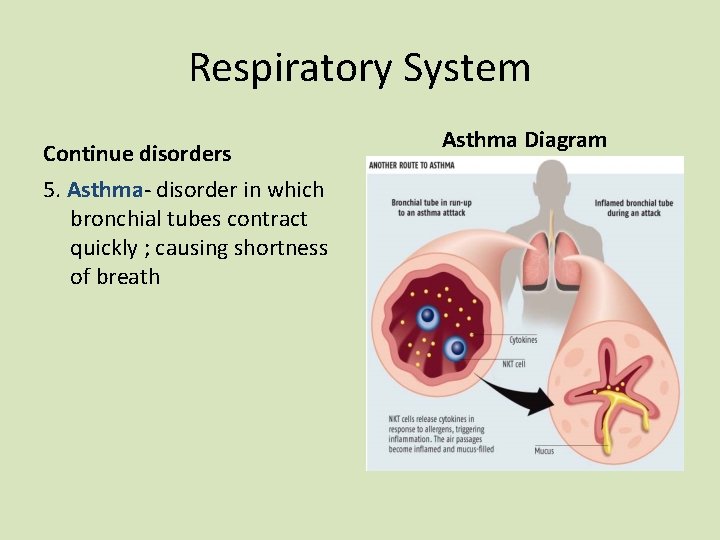 Respiratory System Continue disorders 5. Asthma- disorder in which bronchial tubes contract quickly ;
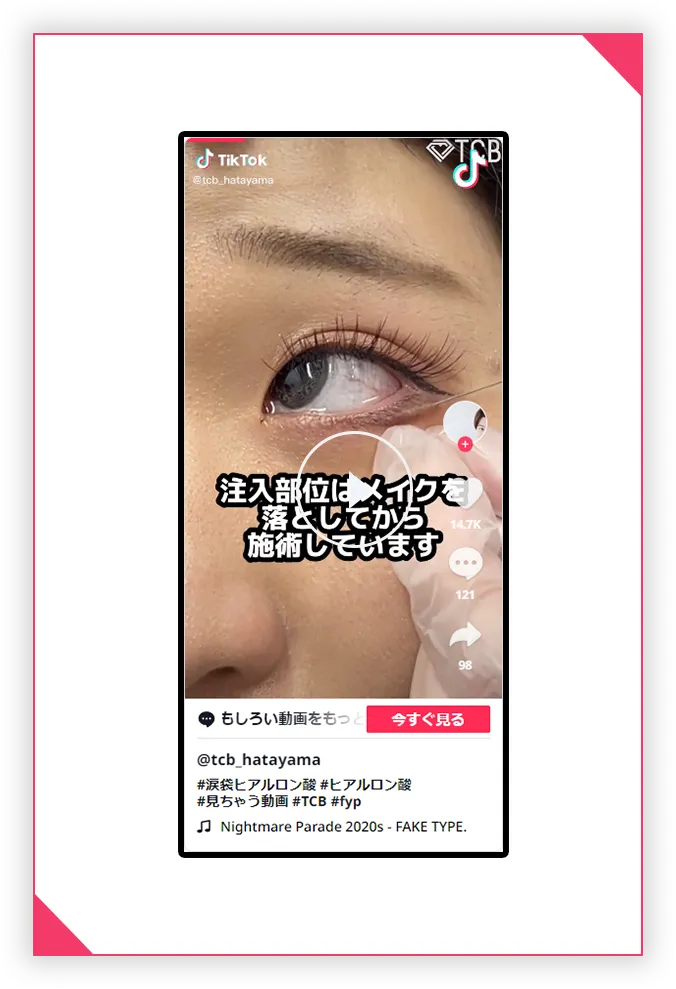 TikTok 施術中動画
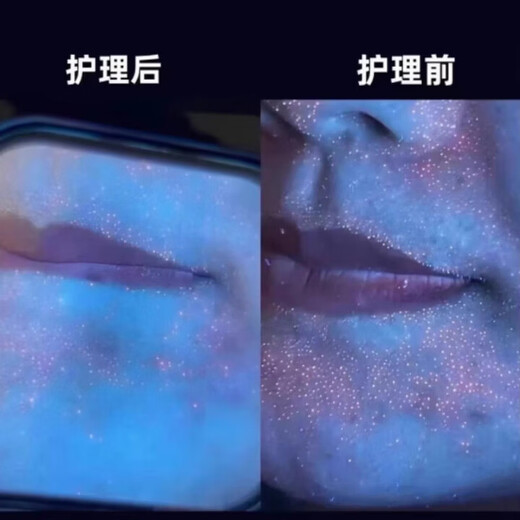 Skin detector, blackhead, acne and grease lamp, fungus and ringworm diagnosis, facial lighting, cosmetics, fluorescent flashlight, skin detection lamp, rechargeable 20W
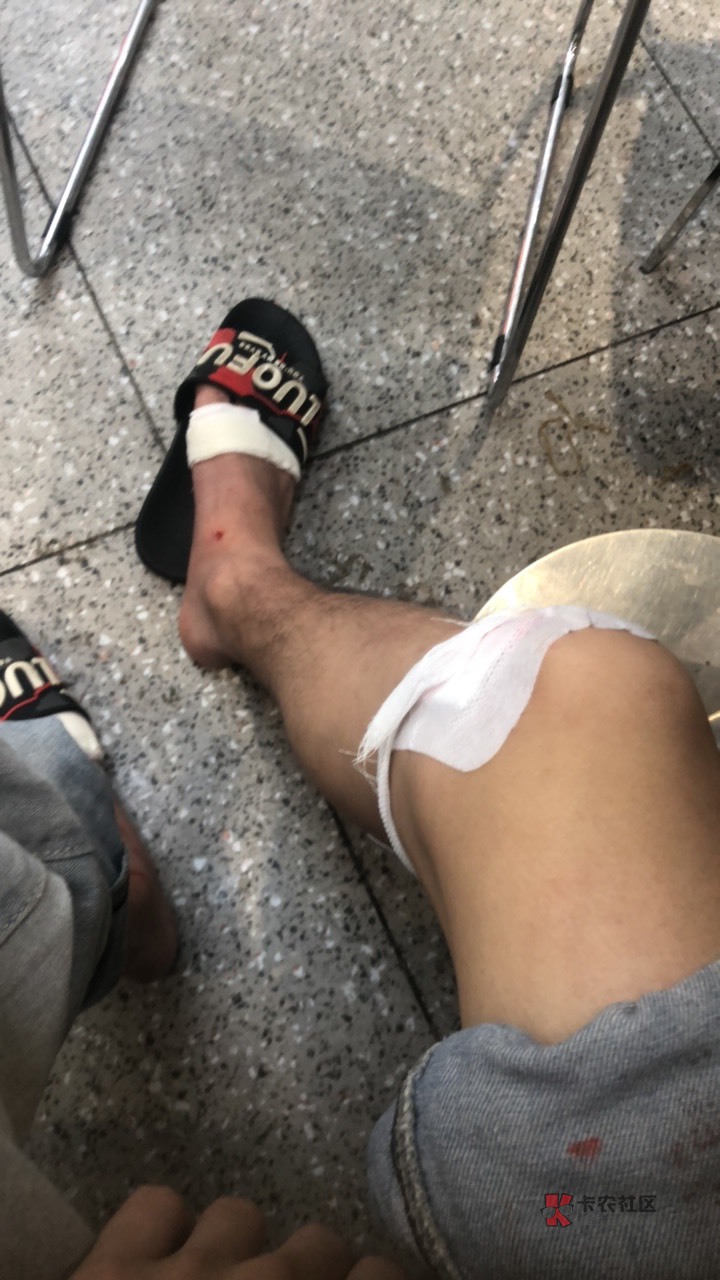 老哥们在青海的来个码，刚刚出去买饭骑电动车摔了，饭钱全部买药了，只能撸养老金了

71 / 作者:吹吹吹风 /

___

◆ What is required
Take the lines from the one holding "TikTok 施術中動画" through the final line of the records above and output them exactly, both ends included, excluding pictures.

◆ Written answer
 TikTok 施術中動画
 Skin detector, blackhead, acne and grease lamp, fungus and ringworm diagnosis, facial lighting, cosmetics, fluorescent flashlight, skin detection lamp, rechargeable 20W
 老哥们在青海的来个码，刚刚出去买饭骑电动车摔了，饭钱全部买药了，只能撸养老金了

71 / 作者:吹吹吹风 /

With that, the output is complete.